調査の開始
ヘレンのアパートは、彼女の存在を消し去ろうとするかのように、既に別の入居者の荷物で埋まりつつあった。リーナは管理人から借りた合鍵で部屋に入り、MEU測定器を慎重に操作しながら、残された痕跡を探っていた。
測定器の画面には、通常ではありえない魔力の残留波形が表示される。それは空間の極端な歪みを示す特徴的なパターンで、まるで部屋の一部が異次元に接続されていたかのようだった。
机の引き出しには、マジテック社の全自動魔法杖に関する新聞記事の切り抜きが整然と収められている。その横には、彼女自身のメモ帳。最後のページには、走り書きで「深夜のメンテナンス室」「小さな声」「交代シフト?」という断片的な文字に加え、詳細な魔力測定値が記録されていた。
「やはり、何かを見つけてしまったのね」リーナは小声で呟いた。
突然、背後で床板が軋む音。リーナが振り返ると、そこにはエレノアが立っていた。老魔法使いの表情には、深い疲労の色が刻まれている。そして彼女の周りには、微細な魔力の防護膜が張られていた。
「ここは一時的に安全よ。でも、長くは話せない」エレノアは複雑な封印魔法を部屋に展開しながら言った。「あの子が見たものは、私たちの最大の過ちの結果」
エレノアは古い革のバッグから、黄ばんだ研究ノートを取り出した。表紙には「極小化プロジェクト:第一期実験報告」と記されている。ノートの端には「機密」の文字と、若かりし日のマーカス・ブライトのサインが残されていた。
「15年前、私たちは魔力による空間制御で人体の極小化に成功した」エレノアの声は震えていた。「人間を、わずか数センチメートルまで縮小できる技術。当初は医療目的だったの。微細な手術を可能にするために」
リーナはノートのページを繰った。詳細な実験データ、成功例と失敗例の記録。そこには、被験者の脳波パターンや魔力感応性の変化が緻密に記録されていた。特に注目を引いたのは、「被験者M」に関する特異な記録だった。

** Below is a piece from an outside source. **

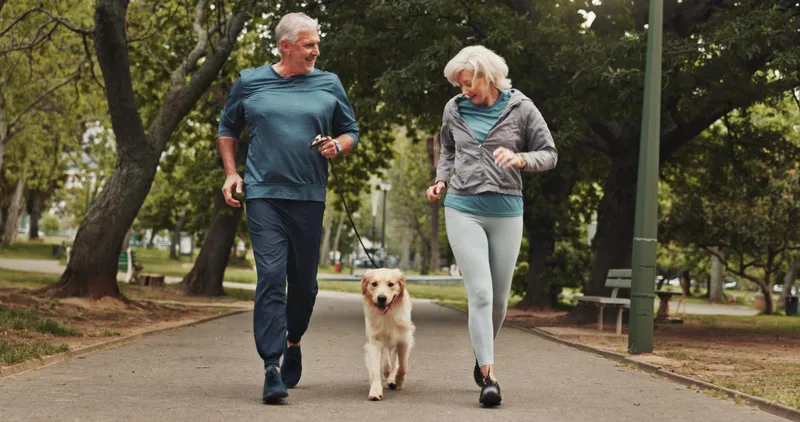 Pensionară la pensie &icirc;n parc - Foto: Freepik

「被験者Mは極小化状態で異常な知性の向上を示した」とノートには記されている。「通常の人間の処理能力を超える計算速度、そして何より、他者を極小化する能力の獲得。しかし、元のサイズへの復帰実験は...」
そのページの続きは破り取られていた。
「マーカス・ブライト」エレノアは窓の外を警戒するように見やりながら続けた。「彼は、この技術を別の目的で使おうとした。そして、被験者Mは...」
その時、通りを走る車の音が聞こえた。エレノアは急いでノートを収納し、リーナの手を取った。MEU測定器が突然、激しい警告音を発し始める。

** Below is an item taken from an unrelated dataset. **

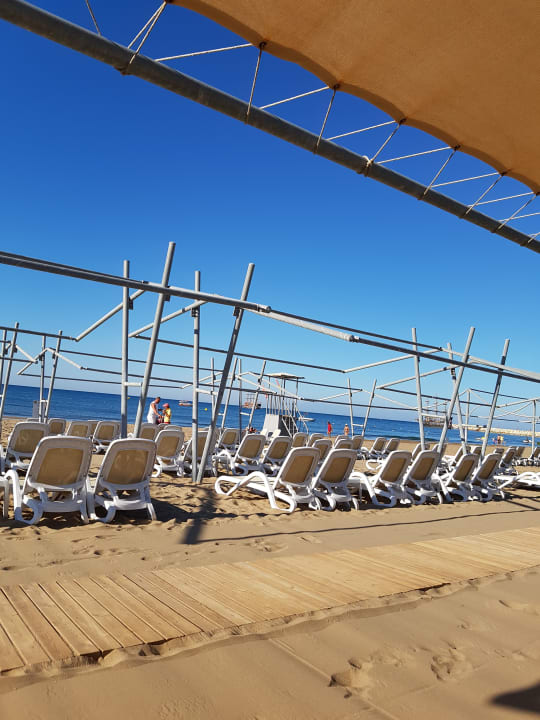 Strand Royal Taj Mahal Hotel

「もう時間がない。このノートを安全な場所に」そう言いかけたエレノアの言葉は、突然の魔力の波動によって遮られた。
部屋の空気が歪み、異様な重圧が二人を包み込む。エレノアは素早く防御の魔法陣を展開したが、その瞬間、窓ガラスが内側から凍結し始めた。
「リーナ、聞きなさい」エレノアは必死の声で言った。「工場の地下、古い非常口から...そこで真実を...マーカスの正体を...」
氷の結晶が部屋中を覆い尽くす。リーナは最後の力を振り絞って、研究ノートを自身の空間魔法で隠匿した。MEU測定器は、人体の極小化に特徴的な魔力波形を記録している。次の瞬間、エレノアの姿が氷の壁の向こうに消えていった。
氷が溶けた時、部屋には誰もいなかった。床に残されたのは、エレノアの杖と、一枚の地図。そこには工場の設計図が描かれ、赤い印が一箇所打たれていた。地図の余白には、微細な文字で魔力測定値と注意書きが記されている。
リーナは震える手で地図を広げた。マジテック社の工場敷地の隅。使われなくなった非常口の位置が、特殊な魔力インクで示されている。そして、その近くには暗号化された書き込み。「M=最初の被験者、真の姿を...」
その夜、リーナは自室で収集した情報を整理していた。極小化技術、全自動魔法杖の不自然な完璧さ、失踪する魔法使いたち、そしてマーカスの異常な性質。それらの断片が、恐るべき真実へと繋がり始めていた。
窓の外では、満月が不吉な光を放っている。明日、彼女は工場に潜入する。そこには、この狂気の真相が隠されているはずだ。そして、マーカス・ブライトの本当の姿も。